◆ Data shown
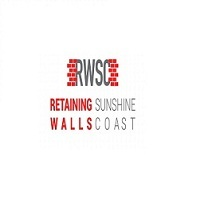 Company Logo For Retaining Walls Sunshine Coast'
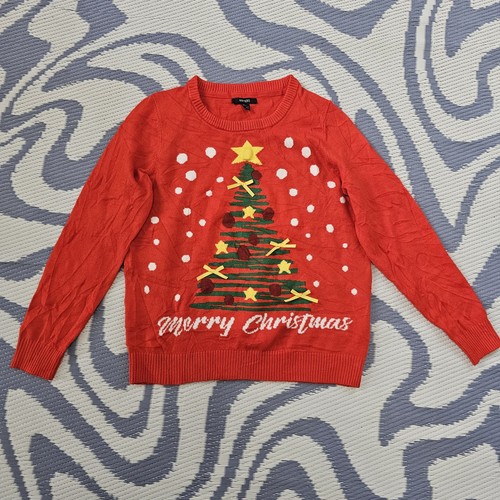 Esmara red christmas - esmara,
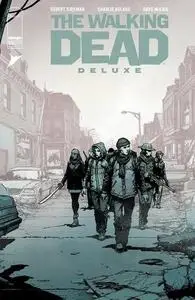 The Walking Dead Deluxe 088 (2024) (Digital) (Zone-Empire)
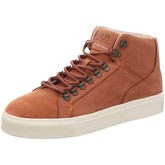 Hub Footwear  Turnschuhe M4502-N42-N01-168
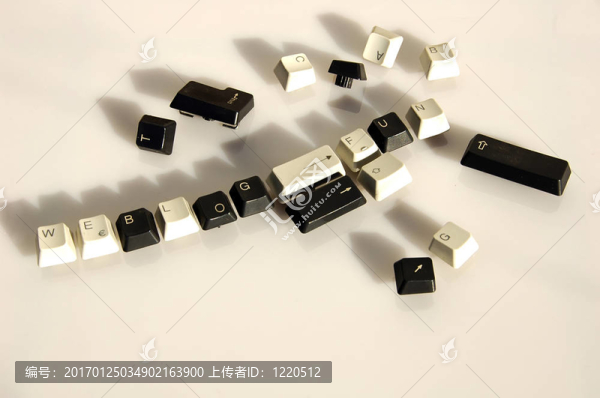 鑰匙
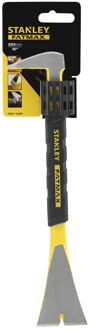 Stanley Fatmax koevoet fijn 250 mm met brede klauw - FMHT1-55009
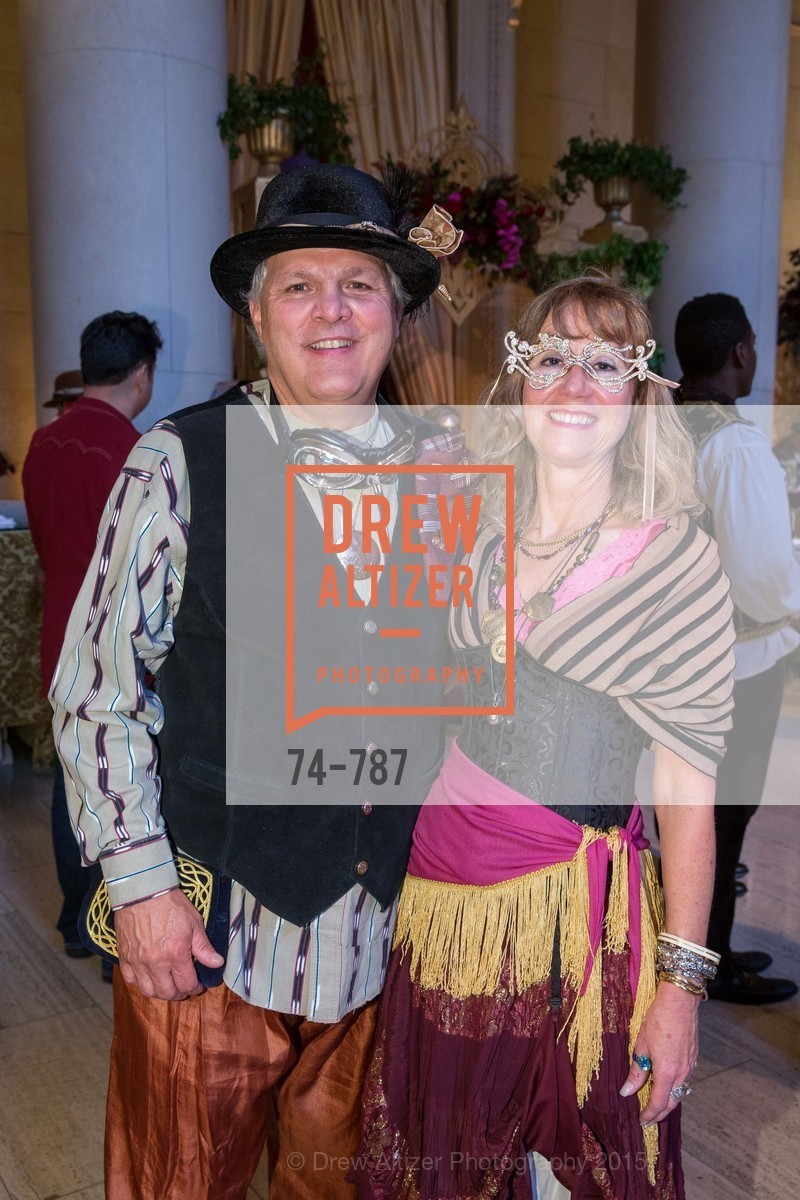 Jacques Etchegoyhen, Cris Etchegoyhen, Bently Engagement, US, April 14th, 2015,Drew Altizer, Drew Altizer Photography, full-service agency, private events, San Francisco photographer, photographer california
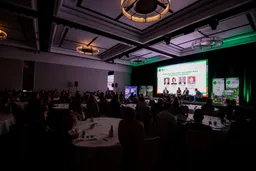 Mumbrella Sports Marketing
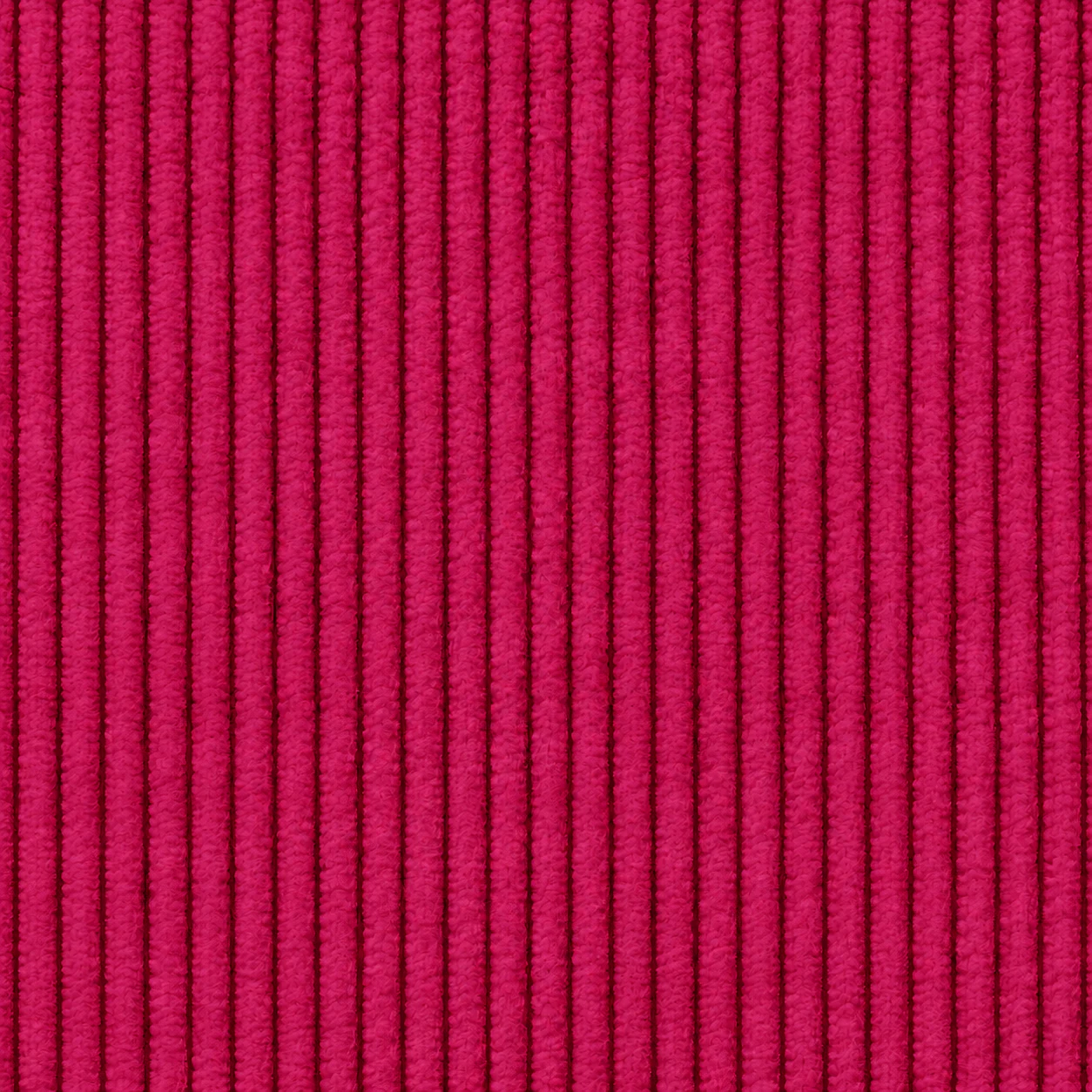 8 colour 08 · Magenta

◆ What you should do
The listing above must be given again exactly, minus its pictures.

◆ Exercise result
 Company Logo For Retaining Walls Sunshine Coast'
 Esmara red christmas - esmara,
 The Walking Dead Deluxe 088 (2024) (Digital) (Zone-Empire)
 Hub Footwear  Turnschuhe M4502-N42-N01-168
 鑰匙
 Stanley Fatmax koevoet fijn 250 mm met brede klauw - FMHT1-55009
 Jacques Etchegoyhen, Cris Etchegoyhen, Bently Engagement, US, April 14th, 2015,Drew Altizer, Drew Altizer Photography, full-service agency, private events, San Francisco photographer, photographer california
 Mumbrella Sports Marketing
 8 colour 08 · Magenta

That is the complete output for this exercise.